Time Warner chief: TV is taking over the internet, not the other way round
Time Warner chief: TV is taking over the internet, not the other way round (Original)
The digital revolution means TV taking over the internet rather than the other way around, according to Jeff Bewkes, chairman and CEO, Time Warner, speaking on the opening panel session at the FT Digital Media conference in London this morning.
Bewkes said that the main change he saw happening was that consumption of TV was moving to on-demand. But the basic subscription business model is likely to prove resilient, he said.
“Video-on-demand is the revolution and it’s happening now,” Bewkes told attendees. “Mobile phones are no different than TVs,” said Bewkes, adding that what the world would see was “TV disintermediating the internet, taking over the internet, not the other way round”.
Bewkes said that the amount and quality of TV production was increasing. “We all have to realise there is no distincition between TV and digital media. All TV is basically digital,” he said.
Bewkes said that the amount of time people are spending and their engagement with video is “going up”.
“The engagment made possible by having [TV] on-demand makes it more valuable,” he said.
Bewkes said it was important to stress that the subscription support for content was a vital part of ensuring that content continued to be of high quality.
Whereas prior to the subscription model developing the quality of content in the US had been relatively low, the development of the subscription model had enabled a wave of fresh programming “freed from advertising”, he said.
Bewkes said that Time Warner was seeing strongest growth in VOD, especially overseas. He said that some of the “highest growth we have is in syndication of stuff we’ve aired going overseas into video-on-demand”.
One issue faced by large media companies, at least in the US, is that migrating to VOD meant they would not initially and immediately be able to address the entire population of TV homes with their content, said Bewkes, pointing out that in the US over 90% of homes subscribed to pay TV services.
Bewkes said that TV continues to account for “80% of Time-Warner’s business.
Bewkes said that what people were increasingly doing on mobile and online platforms was consuming traditional high-production value content.
Bewkes said online video from providers such as Netflix and Lovefilm would become significantly more important in the future.
However, he said that subscription businesses in the US reaching the 20-million plus subscriber level would find it more difficult to made new additions. HBO had 110 million subscribers worldwide, he said. It could charge higher subscription rates and devote bigger budgets to programme making than online rivals.

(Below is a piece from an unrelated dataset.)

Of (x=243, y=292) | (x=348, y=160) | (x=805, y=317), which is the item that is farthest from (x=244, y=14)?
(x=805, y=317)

He said HBO has invested in high-value series, all of which were now available on VOD, while Netflix mostly comprised library product.
Bewkes said that the acquisition of digital companies by traditional media players had to be considered on its merits.
“When any company buys an outside thing you have to pay a premium. Is it worth the risk? Does it have a return?” he said.
Bewkes said Time Warner’s disaster merger with AOL merger had been based on “a bad theory” and had been executed at the height of the dotcom bubble. “You can’t do it that way,” he said.